THE 90s

 Thami Mnyele Foundation promotes the exchange of art and culture between Africa and the Netherlands.

the Foundation engages African artists of all disciplines of contemporary visual art (painting, drawing, photography, sculpture, video, film, audio and multi media) to work for three months in the Thami Mnyele Foundation studio, located in an old school building in the centre of Amsterdam.

The Foundation is named in commemoration of the South African artist and freedom fighter Thami Mnyele, who inspired Dutch artists to set up an artists-in-residence program.

 

 

MUSTAFA MALUKA

"I am my main subject. I change so much so fast. I can’t stay on one angle all the time. My perspectives change the more I learn, read, come in touch with people."

"I make paintings mostly, but sometimes I write about my painting process. Sometimes I DJ on my own radio show, promote gigs, or release records on my record label."
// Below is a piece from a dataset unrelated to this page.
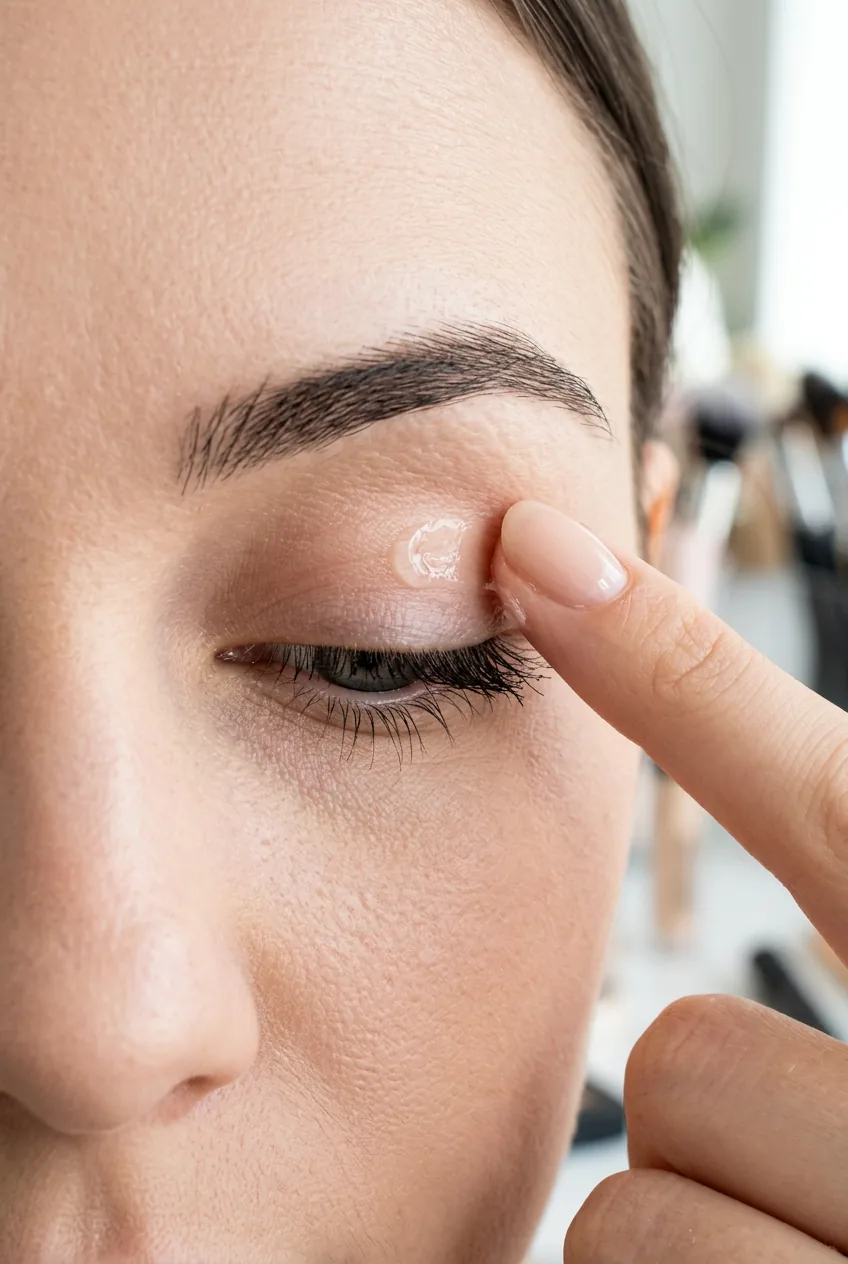 Clear eyeshadow primer being applied to clean eyelid with finger for makeup base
Mustafa Maluka (1976) took up residency at the Thami Mnyele Foundation in 1998.
His current body of work deals with his attempt to develop a theory towards a definition of the aesthetics of trauma. Maluka had started working with the subject of trauma very early in his work. One of his strongest early portrait paintings was of a man in a Nazi war camp.
His current technique, while relying more on colour than painting skill, has evolved to a point where having his computer crash a few times during the making of a work can sometimes be the best thing for a piece. Aesthetically, he has incorporated the anomalistic interference caused by pushing his machine to the max, thereby driving his processor to the limit.

 

ANDRIES BOTHA

        

Andries Botha’s (1952) career as a sculpture has been marked by his truly innovative use of traditional African materials and methods to make large-scale pieces which are at once very bewildering, yet strike a deep cultural chord.

He uses a great variety of materials: works are created from thatching, wattle and wax. This variety is its specific characteristics - referencing inherited practices and locally symbolic materials, such as tyres and telephone wire, the works mesh Western and African culture.


‘I have always tried to use my work as a sort of visual testimony to the violation of the state. One of the functions of the intellectual is to create within their work a sort of archive of memory where the social discourses or the nation is plotted."